This year I have been given the opportunity to lead our school’s newly formed data team. When this was initially offered to me, my first thought was “I’m a word person, not a numbers person.” What I realized is that data is not just numbers. This is a common conclusion that people jump to. The truth is that numbers (quantitative data) are just the easiest way to get a point across in a quick and easily accessible manner.
Think of it this way. If you do not have an expertise in a specific topic, you can look at numerical data and get an overall understanding if something is working or not working once you have just a little bit of background. Everyone has experience, good or bad, with traditional grades given in schools. The closer you are to 100 the better. Since most people are only familiar with this type of traditional grading background information must be given when students are given scores from standardized tests like the SAT, ACT, or GRE. Once the information as to what constitutes the lowest and the highest of possible grades is established, it is easier have a general understanding of the score that is reported.
Data that is not based on numbers (qualitative data) can be harder to share with those outside the field that is being discussed. This type of data requires extended explanation of the situation and the conclusion that was drawn. The best example I can give comes from a conversation I had with one of the art teachers I work with. She, along with others, were concerned that as we rolled out our new data procedures to teachers they were going to have to start quizzing and testing students more often to generate data to be used for the purpose of making instructional decisions. This seemed like an extra step to individuals who are used to evaluating students on site and making adjustments accordingly from there.
I asked her how she made the adjustments in her teaching when a student doesn’t understand or performs a skill poorly in her art class. She explained some changes she had made for a few students who needed review as well as some adjustments made for students who were more advanced. I then asked her how she knew which students to make those adjustments for. I mean with over 100 kids coming in and out, she didn’t just randomly give one kid one set of tasks while providing a different list for another. She reached over and pulled out a clipboard that was full of notes. Names of students in each class along with observations she had made while they were working were scribbled onto a collection of papers. That is data. It is not as easy to read, it does require some explanation, but that is data.

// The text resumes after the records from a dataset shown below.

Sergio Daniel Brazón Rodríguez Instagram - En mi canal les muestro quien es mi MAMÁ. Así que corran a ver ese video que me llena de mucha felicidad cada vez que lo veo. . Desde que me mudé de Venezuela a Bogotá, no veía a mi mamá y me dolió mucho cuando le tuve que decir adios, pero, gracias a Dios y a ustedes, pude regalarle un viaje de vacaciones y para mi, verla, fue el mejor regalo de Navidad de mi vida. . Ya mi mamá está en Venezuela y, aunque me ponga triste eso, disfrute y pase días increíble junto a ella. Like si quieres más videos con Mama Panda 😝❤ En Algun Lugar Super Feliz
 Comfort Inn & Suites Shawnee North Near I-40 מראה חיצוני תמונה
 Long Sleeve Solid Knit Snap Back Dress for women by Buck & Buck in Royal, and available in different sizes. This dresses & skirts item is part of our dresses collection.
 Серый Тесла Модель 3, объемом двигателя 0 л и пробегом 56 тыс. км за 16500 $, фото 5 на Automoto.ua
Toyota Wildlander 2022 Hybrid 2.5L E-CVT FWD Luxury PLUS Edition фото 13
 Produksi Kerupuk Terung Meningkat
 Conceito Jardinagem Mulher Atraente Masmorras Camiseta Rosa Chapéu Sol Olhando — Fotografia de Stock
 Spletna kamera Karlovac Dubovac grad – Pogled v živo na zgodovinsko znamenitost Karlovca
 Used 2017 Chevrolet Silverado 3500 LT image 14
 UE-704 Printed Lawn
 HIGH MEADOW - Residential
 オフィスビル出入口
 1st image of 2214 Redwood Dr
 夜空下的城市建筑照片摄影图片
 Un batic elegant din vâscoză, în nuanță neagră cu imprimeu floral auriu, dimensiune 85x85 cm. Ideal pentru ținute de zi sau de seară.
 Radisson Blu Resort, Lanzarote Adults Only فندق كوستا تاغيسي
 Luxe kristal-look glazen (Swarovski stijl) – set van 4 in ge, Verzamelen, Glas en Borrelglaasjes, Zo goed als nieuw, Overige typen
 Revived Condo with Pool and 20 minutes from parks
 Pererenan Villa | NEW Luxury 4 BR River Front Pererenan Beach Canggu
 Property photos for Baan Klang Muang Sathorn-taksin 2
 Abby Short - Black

That discussion has given me the ability to broaden the definition of data for the teachers I work with which has allowed them to think about their utilization of data for the classroom in a different way. While we are only now getting teachers to really understand what using data in the classroom can look like and the impact it can have on instruction, I am excited that the teachers seem to be seeing the benefit to the approach and are willing to take the time to work with this procedure.